Milano Cortina 2026, il biathlon ucraino si schiera al fianco dello skeletonista Heraskevych

Foto Credits: Dmytro Yevenko/Fondo Italia

Ha fatto molto scalpore, ma soprattutto rumore, la decisione della Federazione Internazionale di Bob e Skeleton (IBSF) di squalificare l’atleta ucraino Vladislav Heraskevych prima ancora di gareggiare nello skeleton nelle gare odierne, reo di voler scendere nello Sliding Centre di Cortina con un casco commemorativo di diversi compagni di squadra uccisi durante la guerra contro la Russia. Un gesto che viene giudicato politico e quindi contrario alla neutralità difesa dal Comitato Olimpico Internazionale (CIO).

“Il casco non è conforme al regolamento” si è giustificato il CIO in un comunicato pubblicato in mattinata: “La questione fondamentale in questo caso non riguarda il contenuto del messaggio, ma il luogo in cui l’atleta voleva esprimerlo. Vladislav Heraskevych ha potuto indossare il suo casco durante tutte le sessioni di allenamento. Il CIO gli ha anche offerto la possibilità di indossarlo subito dopo la competizione, durante il suo passaggio nella zona mista.”

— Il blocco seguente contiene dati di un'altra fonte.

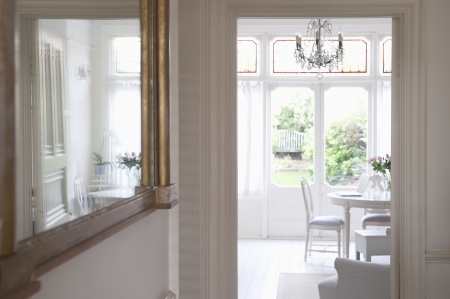 Mirror in hallway with view through to living roomの写真素材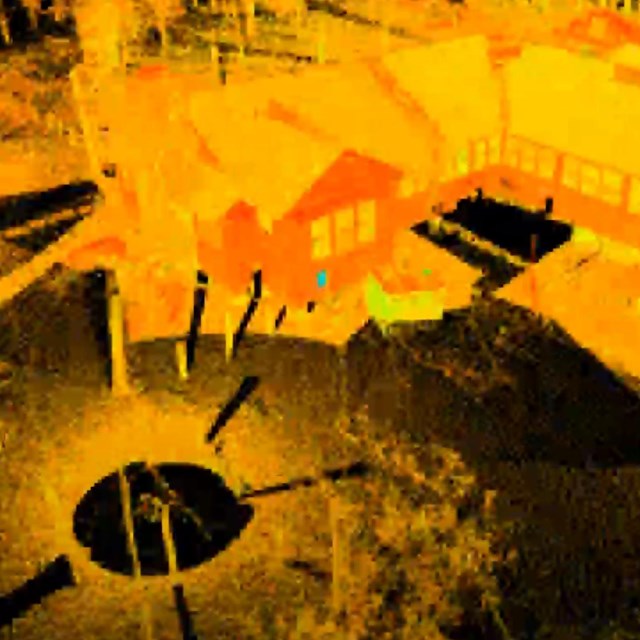 3D render in orange tones of cabin in woods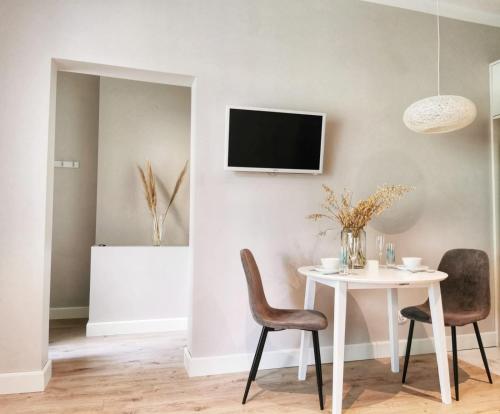 a dining room with a white table and chairs at Tolstoi Scandinavian 1 bedroom apartment + free parking in Tartu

Un tentativo di mediazione con l’ucraino è arrivato anche ad opera della presidente del CIO, Kirsty Coventry, ma senza successo. “Nessuno, e soprattutto non io, contesta questo messaggio” ha commentato Coventry. “È un messaggio forte, di ricordo.Non si tratta del messaggio, ma delle regole e dei regolamenti. Sul campo, dobbiamo garantire un ambiente sicuro per tutti.”

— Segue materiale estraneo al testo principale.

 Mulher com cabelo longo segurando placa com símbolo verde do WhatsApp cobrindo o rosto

Dalla parte del loro connazionale si è schierato immediatamente il biathlon ucrainoi. Il presidente della Federazione Ucraina di Biathlon, Ivan Krulko ha letto in un video messaggio una dichiarazione di sostegno a Heraskevych: “Onorare la memoria dei defunti non è propaganda politica, ma un gesto umanitario e morale fondamentale, non può essere considerato una manifestazione politica”. Il dirigente federale ricorda la pericolosità di un’interpretazione simile della Carta Olimpica: “Il movimento olimpico ha sempre affermato il suo attaccamento ai valori della dignità umana, del rispetto, della solidarietà e della pace. Il divieto di manifestazioni commemorative in omaggio alle vittime della guerra contraddice questi valori e crea un pericoloso precedente, sostituendo l’umanità con una neutralità di facciata.”

Un invito al CIO e alla IBSF, quello del biathlon ucraino, a riconsiderare la sua posizione in merito all’atleta, che rimarrà inascoltato, visto che il programma olimpico dello skeleton prevede una sola gara.